* _WHAT THE EXERCISE ASKS_: When writing out the entries below, keep only the lines from the line with "内蒙古多少分能上双一流大学？2024年理科类最低413分录取" to the line with "文藝春秋 2025年3月・5月号　計２冊", both included, exactly as they are, and leave the pictures aside.

* _RECORDS PROVIDED_:
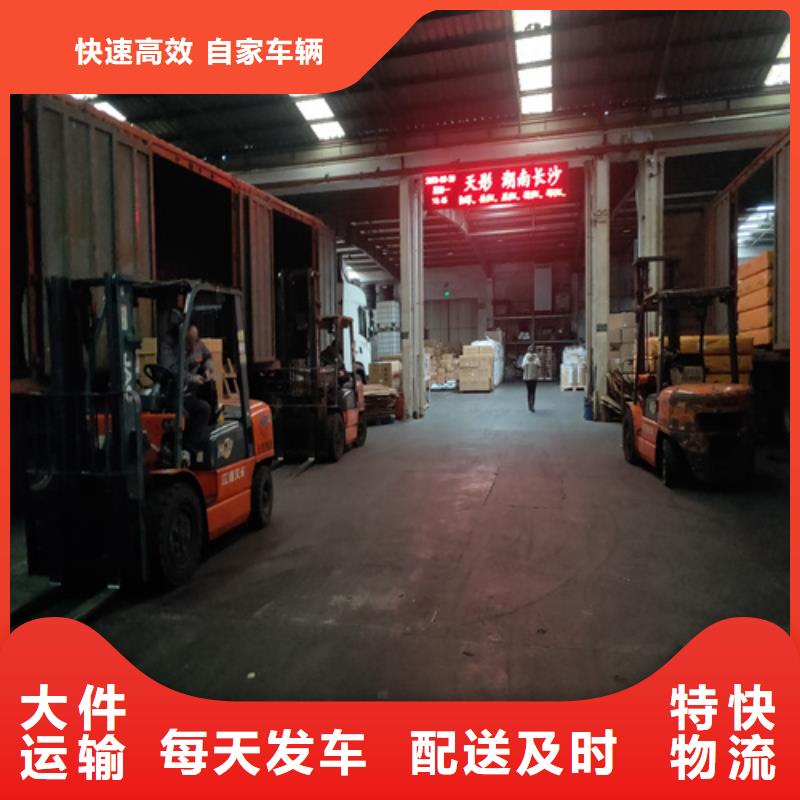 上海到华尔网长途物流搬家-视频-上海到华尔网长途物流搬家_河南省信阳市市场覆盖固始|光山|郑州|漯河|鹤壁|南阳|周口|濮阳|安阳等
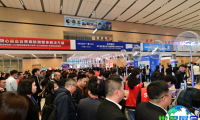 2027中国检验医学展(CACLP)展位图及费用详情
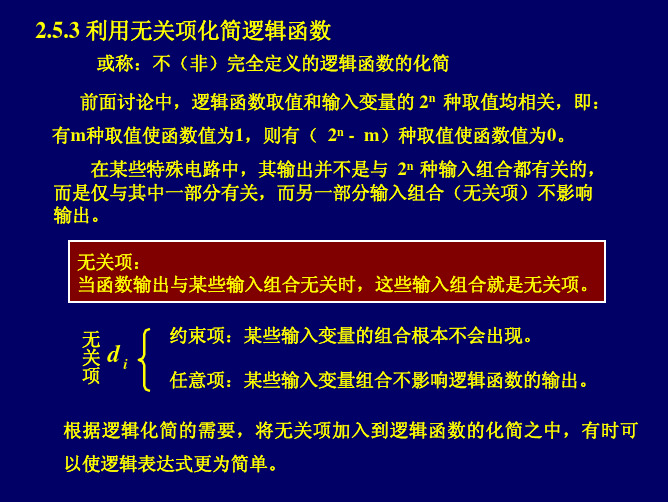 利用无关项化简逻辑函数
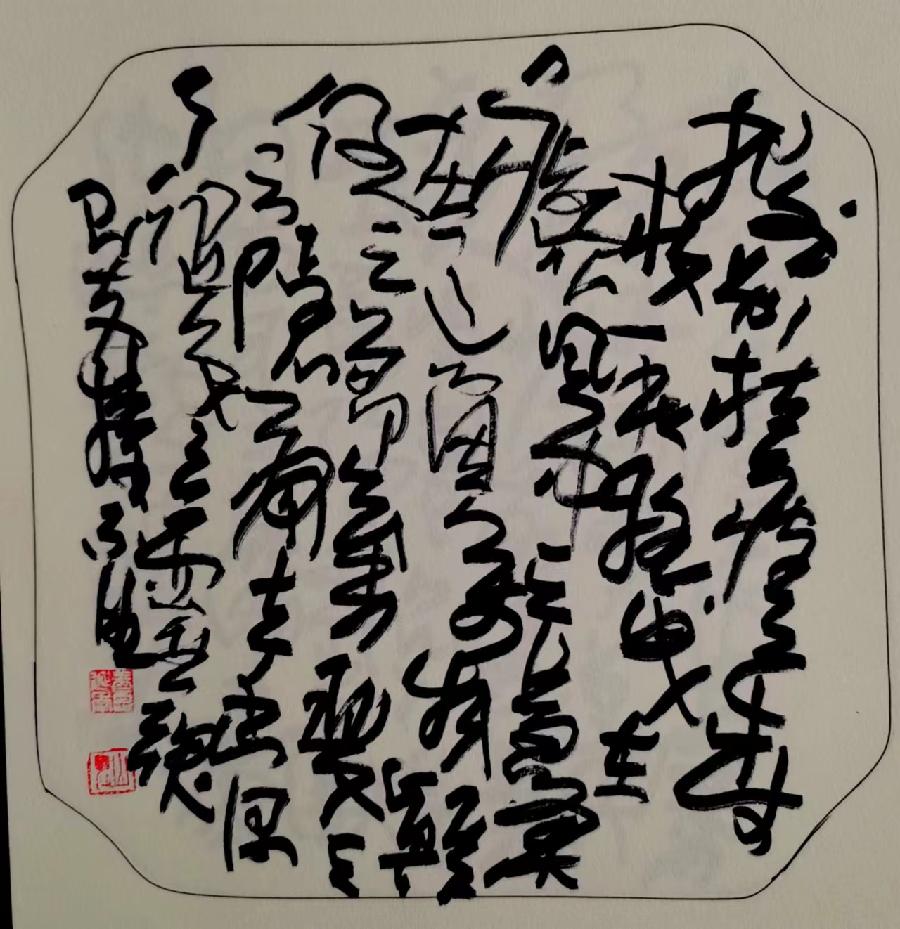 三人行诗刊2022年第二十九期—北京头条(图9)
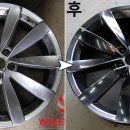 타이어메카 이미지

--

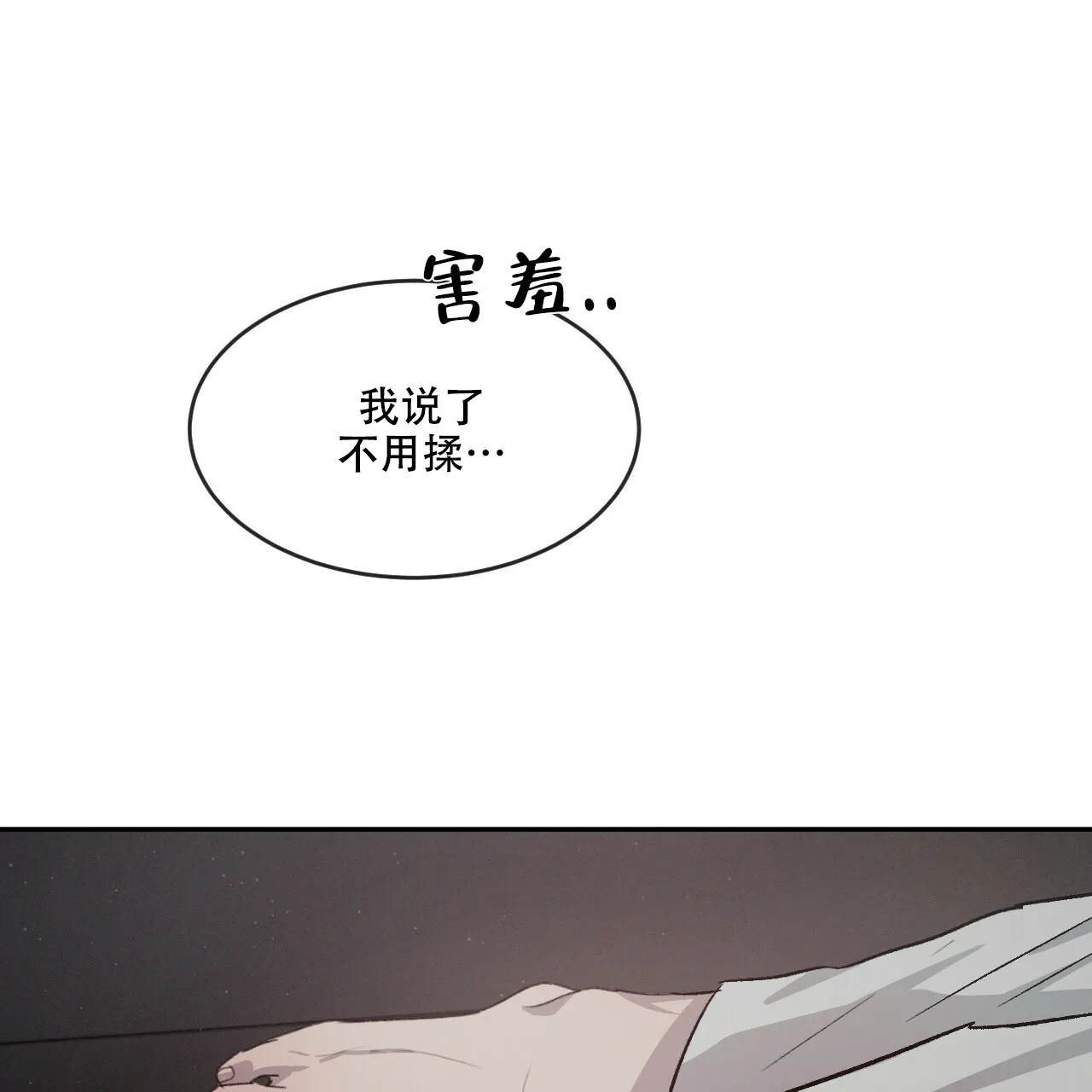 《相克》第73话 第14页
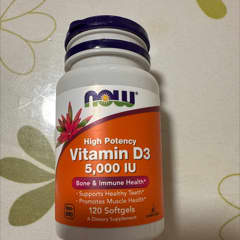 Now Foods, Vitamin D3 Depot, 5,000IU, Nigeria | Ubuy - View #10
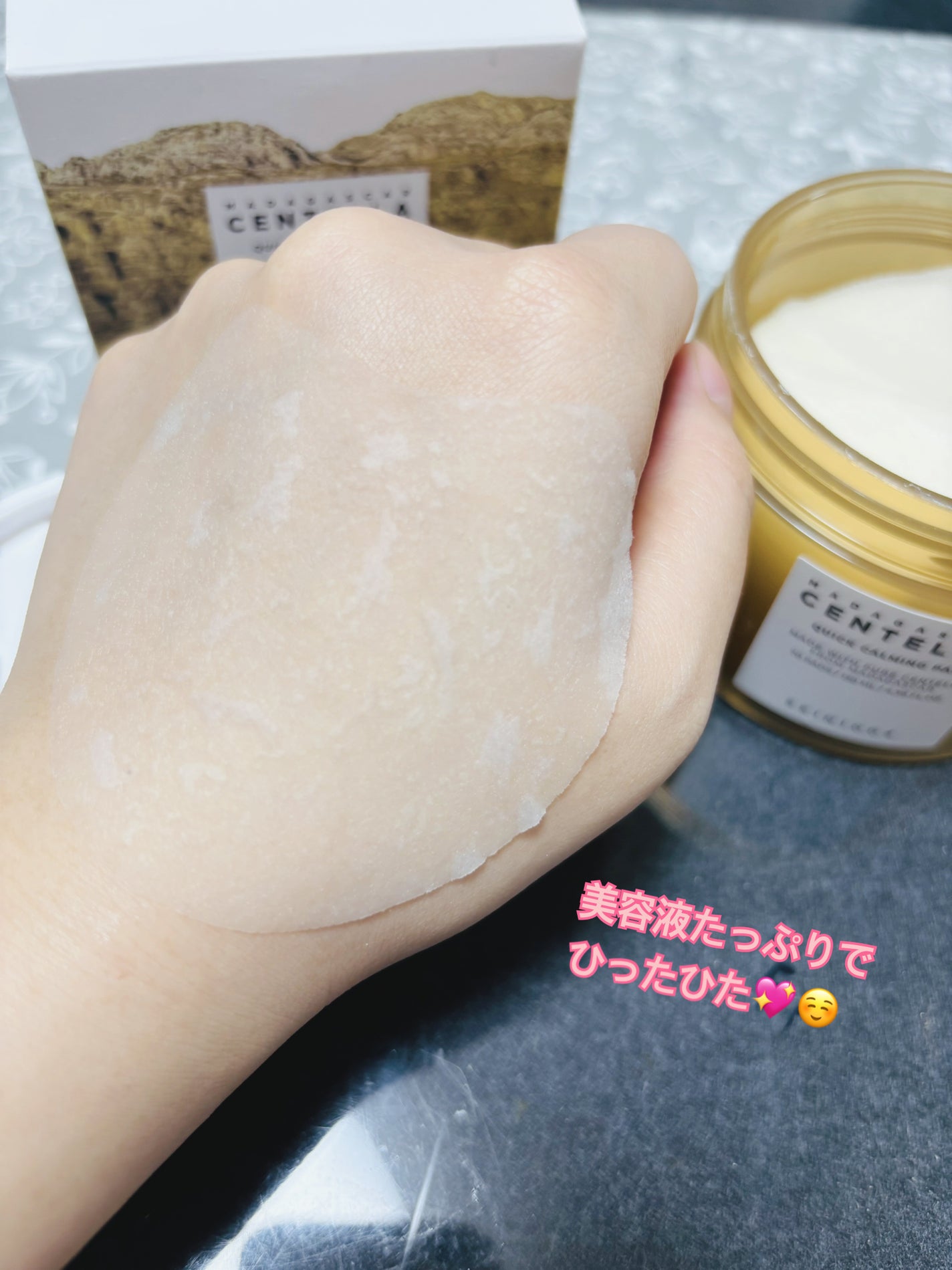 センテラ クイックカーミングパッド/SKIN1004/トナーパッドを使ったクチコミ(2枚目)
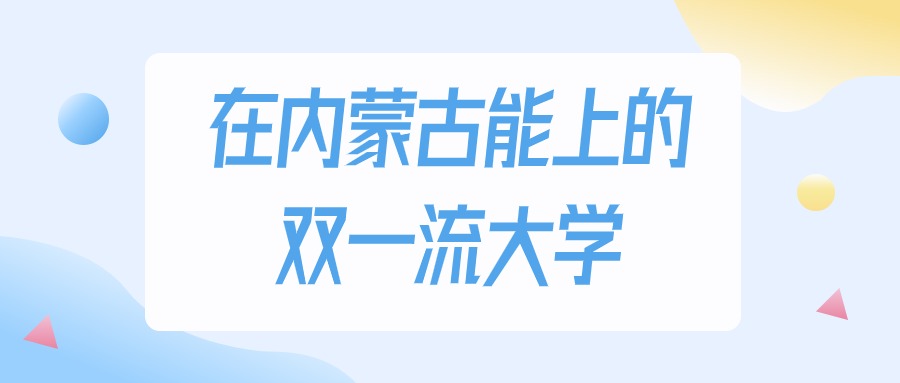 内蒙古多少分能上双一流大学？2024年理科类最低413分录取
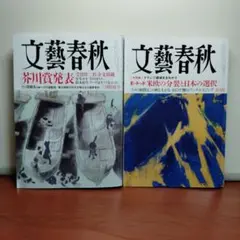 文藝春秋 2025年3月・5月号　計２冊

--

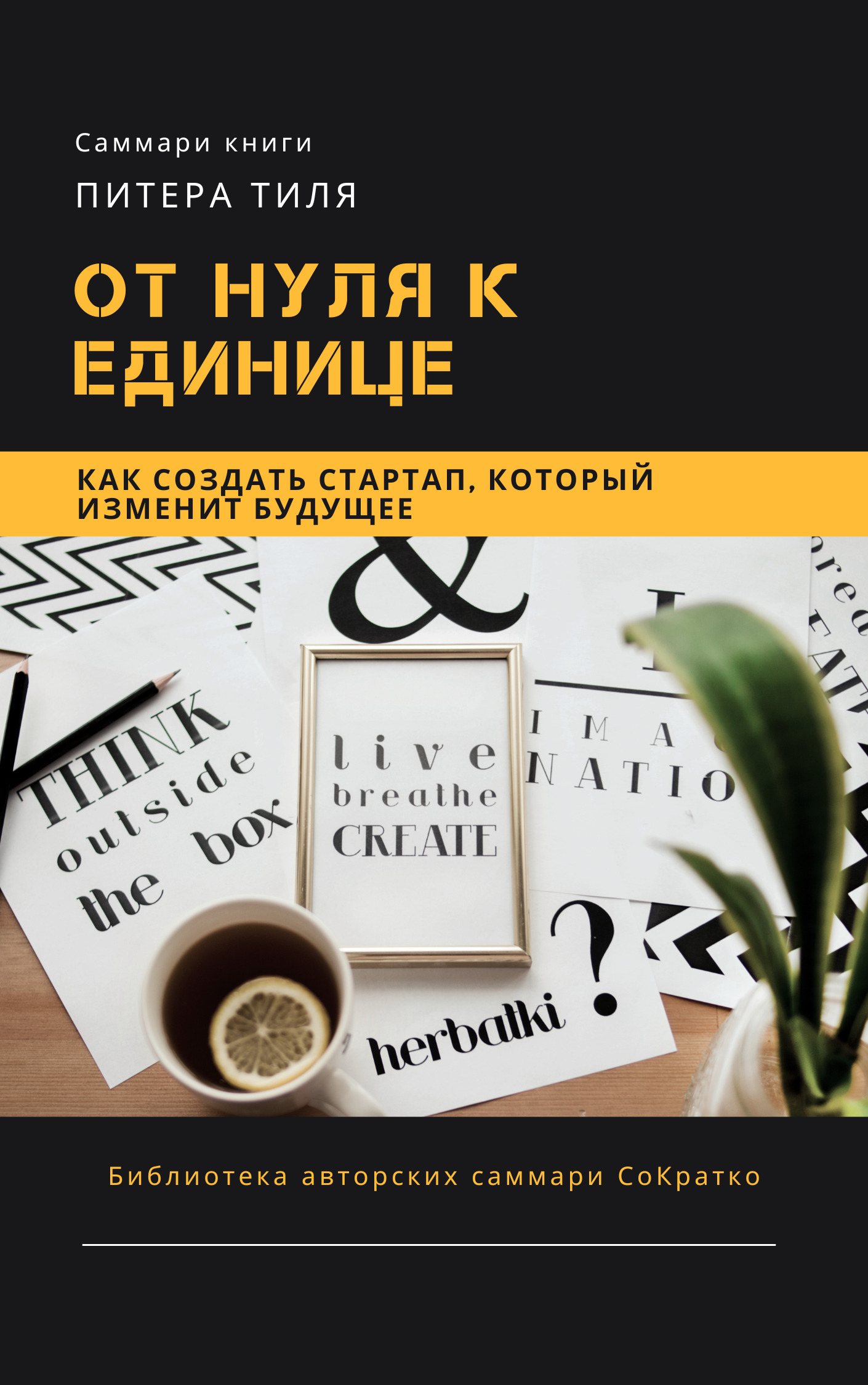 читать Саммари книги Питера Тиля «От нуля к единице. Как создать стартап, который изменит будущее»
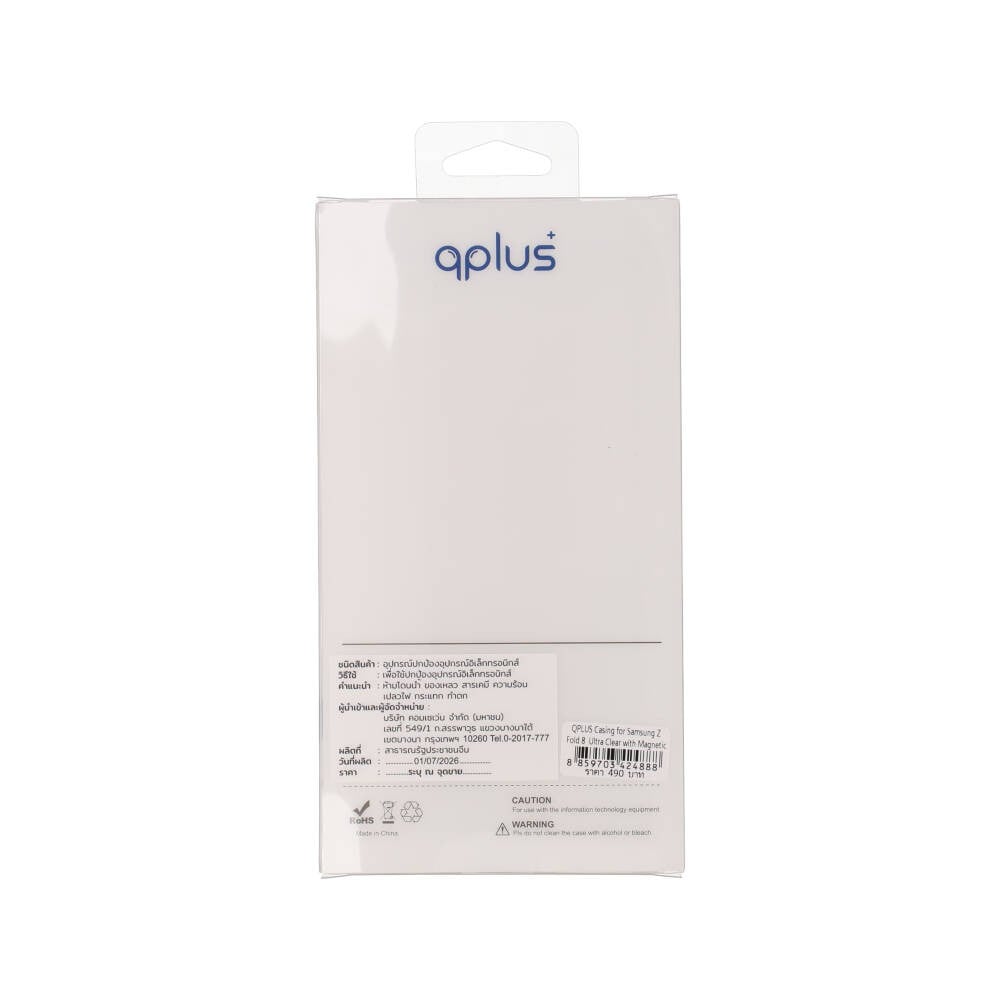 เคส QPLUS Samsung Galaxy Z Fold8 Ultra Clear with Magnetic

* _YOUR RESPONSE_:
 内蒙古多少分能上双一流大学？2024年理科类最低413分录取
 文藝春秋 2025年3月・5月号　計２冊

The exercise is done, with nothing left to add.